Do you look at things according to the outward appearance? 2 Corinthians x.7
As human beings, we are prone to judge others according to their outward appearance. Even at the first glance, we study the outward appearance of people. We measure others on the basis of their beauty, skin color, height, language, accent, clothes and other accessories on their person.
The first Christians in Corinth were no different. Members of that church admired St. Paul because he had brought the Gospel to Corinth. It was through his preaching that they came to know Jesus Christ. Later, when they came across other apostles – Peter and Apollos – many of them revised their opinion about Paul. They judged Paul on the basis of external factors. This caused Paul the apostle a lot of pain because he was, in a way, their spiritual ‘father.’
What did the Corinthians say about Paul?
- Paul wasn’t among the original apostles of Christ; Peter was.
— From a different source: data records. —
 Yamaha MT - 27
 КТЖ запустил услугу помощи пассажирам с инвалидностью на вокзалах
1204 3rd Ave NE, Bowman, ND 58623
- While the ‘super apostles’ ministered in Jerusalem and Judea, Paul kept traveling in Asia and other provinces – far away from the ‘happening places’ – preaching the gospel to people of strange languages and cultures.
- Paul’s physical presence was so weak; he was short. No wonder he was called ‘Paul’ – meaning ‘little.’
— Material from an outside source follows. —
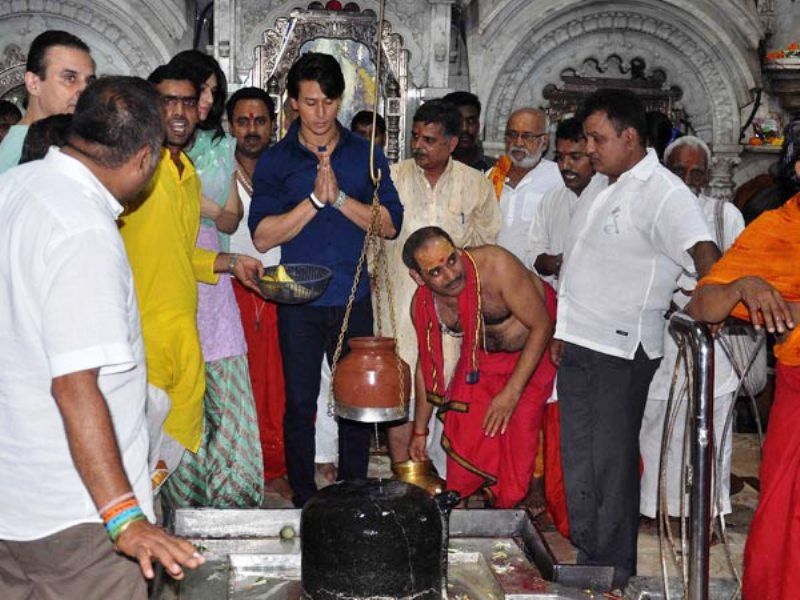 Tiger Shroff Seeking Blessings of Lord Shiva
- Paul couldn’t talk as impressively as Apollos did. Certainly, Peter and Apollos were superior to Paul.
- Although Paul’s letters appeared to be weighty, his speech did not make many Corinthians think he was as wise as other Christian leaders. Some even questioned whether his teachings had any divine sanction.
These judgments were all based on outward appearances. Paul, therefore, had to chide the Corinthian church. He felt it was proper to defend himself, his calling as an apostle and the honor of his God-given ministry. After all, why should some Christians be allowed to think that apostleship is their monopoly? Why should they look down upon a late entrant whom Christ was using in a different way in a new arena of Christian mission.
Observe Paul’s defense in these lines:
- “For his letters,” they say, “are weighty and powerful, but his bodily presence is weak, and his speech contemptible.” 2 Corinthians x.10 NLT
- ‘But I don’t think I am inferior to these “super apostles.”‘ xi.5
- “I may not be a trained speaker, but I know what I am talking about.” xi.6
- “… for I am not at all inferior to these ‘super apostles,’ even though I am nothing at all.” xii.11.
- “I will give you all the proof you want that Christ speaks through me.” xiii.3
Notice how Paul mentioned twice in this epistle that he was not at all inferior to some leaders whom the Corinthians considered as ‘super apostles.’ Paul’s courage and confidence in God’s call upon his life kept him strong. He wasn’t discouraged by the wayward assessment of some of his own friends.
We are reminded of what Yahweh said to prophet Samuel when he went to Jesse’s house to anoint a new king of Israel. Samuel thought that the eldest and tallest of the sons of Jesse was God’s choice for Israel. That’s when God said, “Do not look at his appearance or at the height of his stature, because I have refused him. For the Lord does not see as man sees; for man looks at the outward appearance, but the LORD looks at the heart.” (1 Samuel xvi.7)
Are we guilty of judging fellow Christians and ministers on the basis of external factors? Just because some do things differently and use unconventional methods, how can we ‘disapprove’ of their ministry? Are not our judgments way below the standards of God’s righteous assessment of His servants?
What is despised now may turn out to be far greater and significant in the years to come. Regardless of what the early Corinthian Christians thought of Paul’s stature, he stands tall in Christian history as one of the greatest apostles of Christ. Let’s try to learn God’s ways and look at other people through His eyes.